# [Exercise inputs]
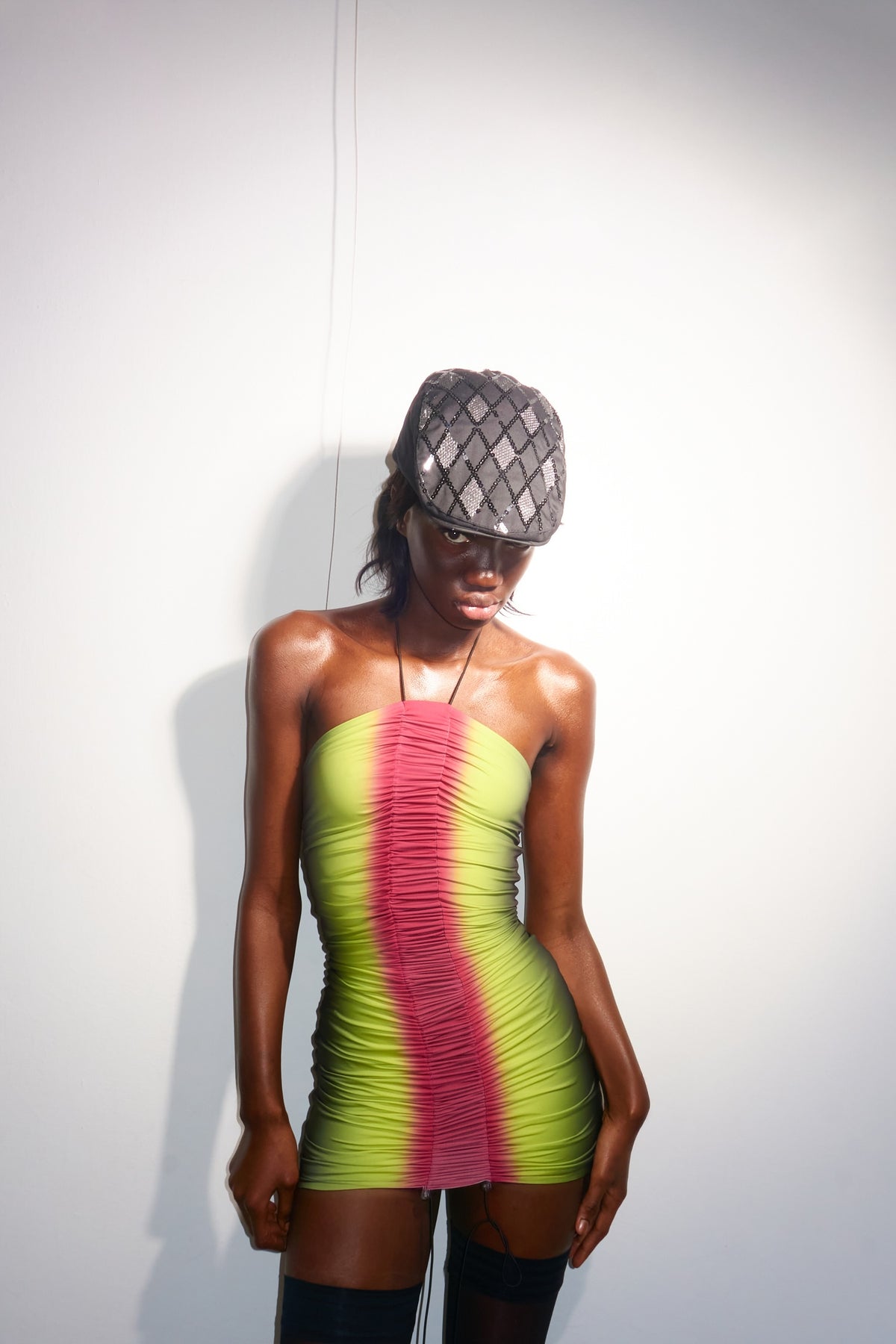 Gathered mini dress in lime/wine
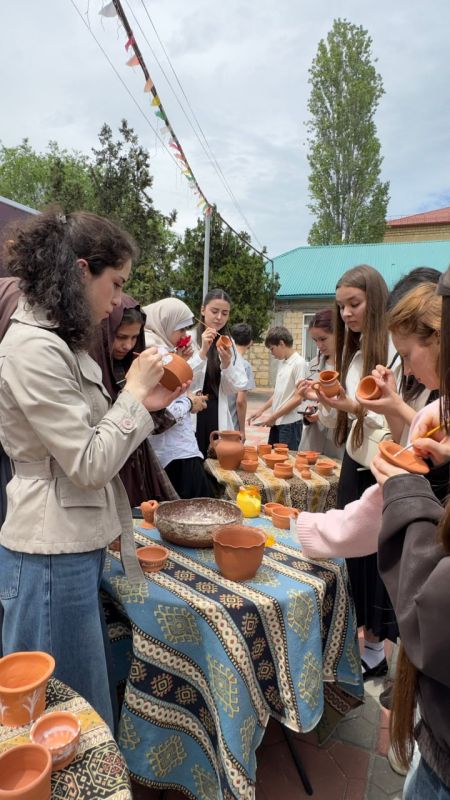 В Дербенте завершился проект «Эмоции на глине» для воспитанников реабилитационного центра В Дербенте завершился проект «Эмоции на глине» для воспитанников реабилитационного центра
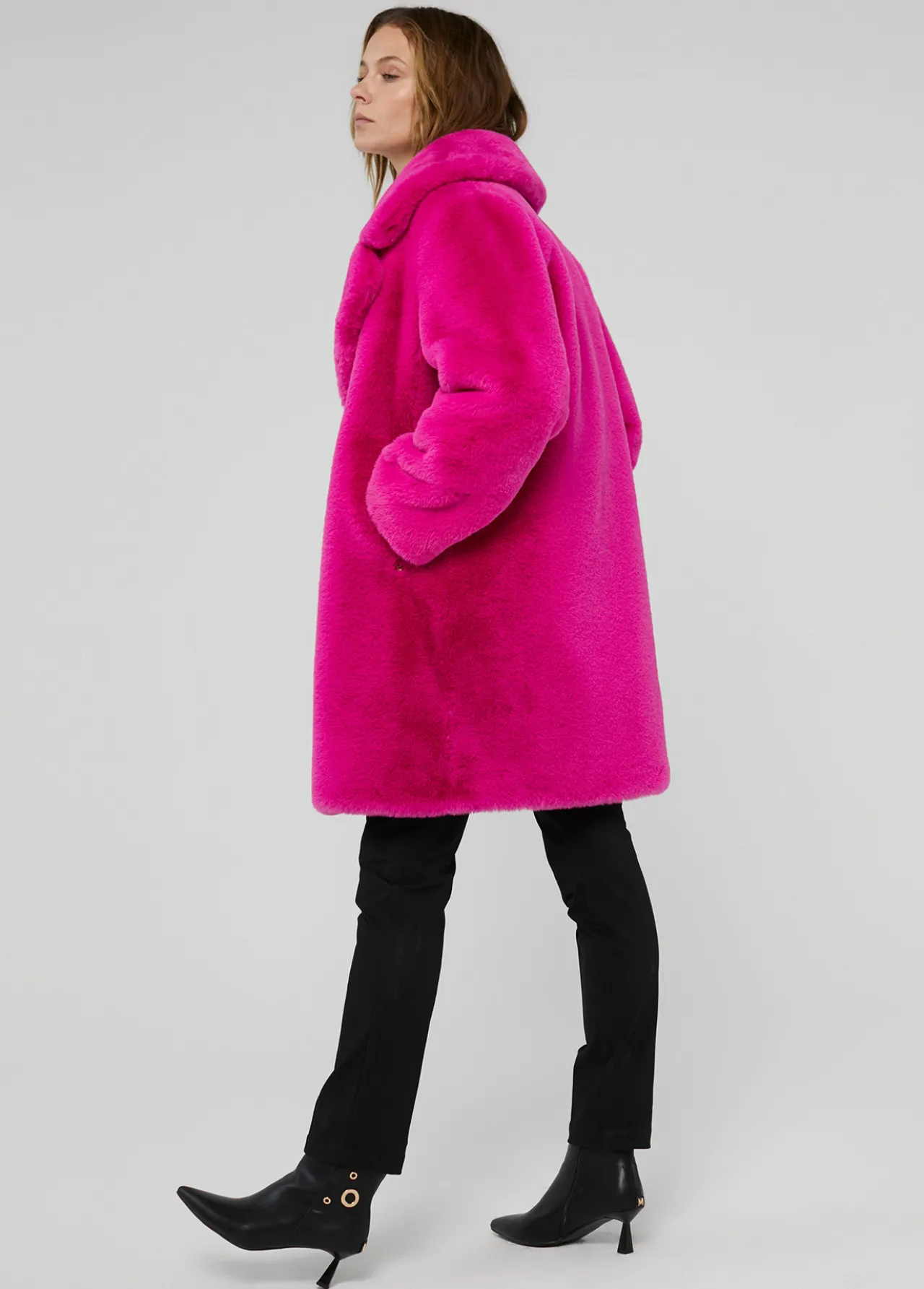 chaqueta_de_pelo_5-1.webp Lola Casademunt Abrigos Y Cazadoras<Chaqueta de pelo FUCSIA
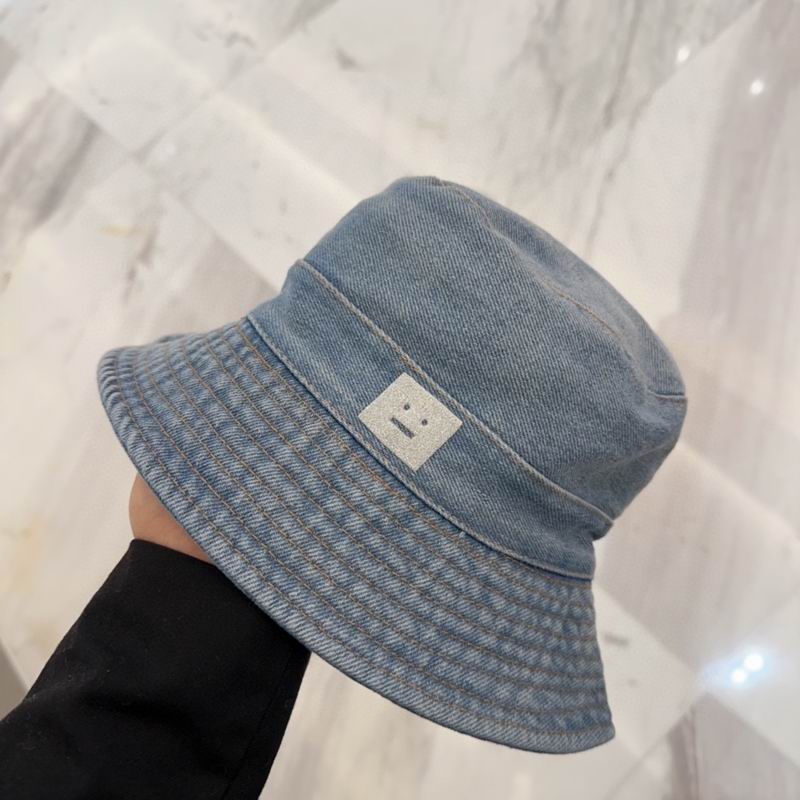 Acne hat dx (9)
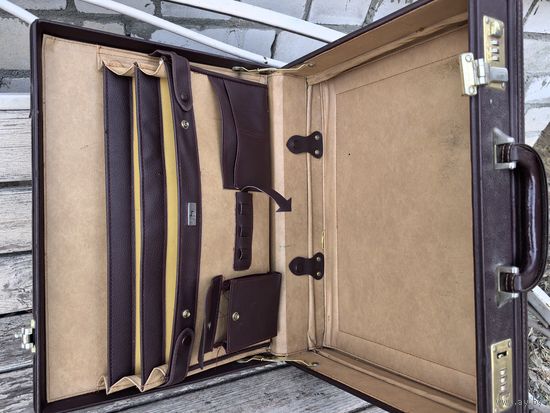 Дипломат JOY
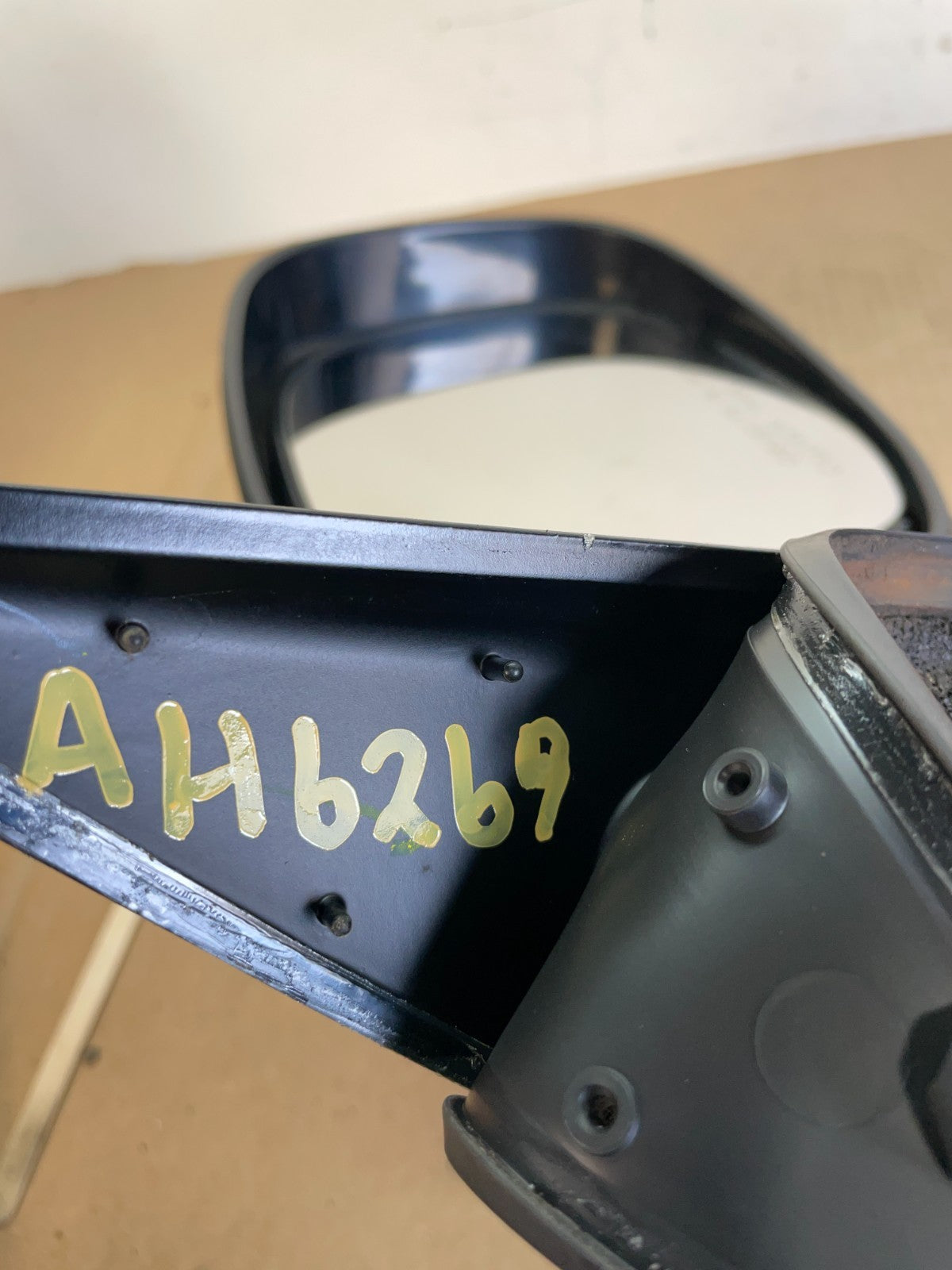 2000 to 2006 Toyota Tundra Right Passenger RH Side Door View Mirror AH6269 DW8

# [Work order]
Without including any pictures, print all of the material exactly as given.

# [Problem solution]
 Gathered mini dress in lime/wine
 В Дербенте завершился проект «Эмоции на глине» для воспитанников реабилитационного центра В Дербенте завершился проект «Эмоции на глине» для воспитанников реабилитационного центра
 chaqueta_de_pelo_5-1.webp Lola Casademunt Abrigos Y Cazadoras<Chaqueta de pelo FUCSIA
 Acne hat dx (9)
 Дипломат JOY
 2000 to 2006 Toyota Tundra Right Passenger RH Side Door View Mirror AH6269 DW8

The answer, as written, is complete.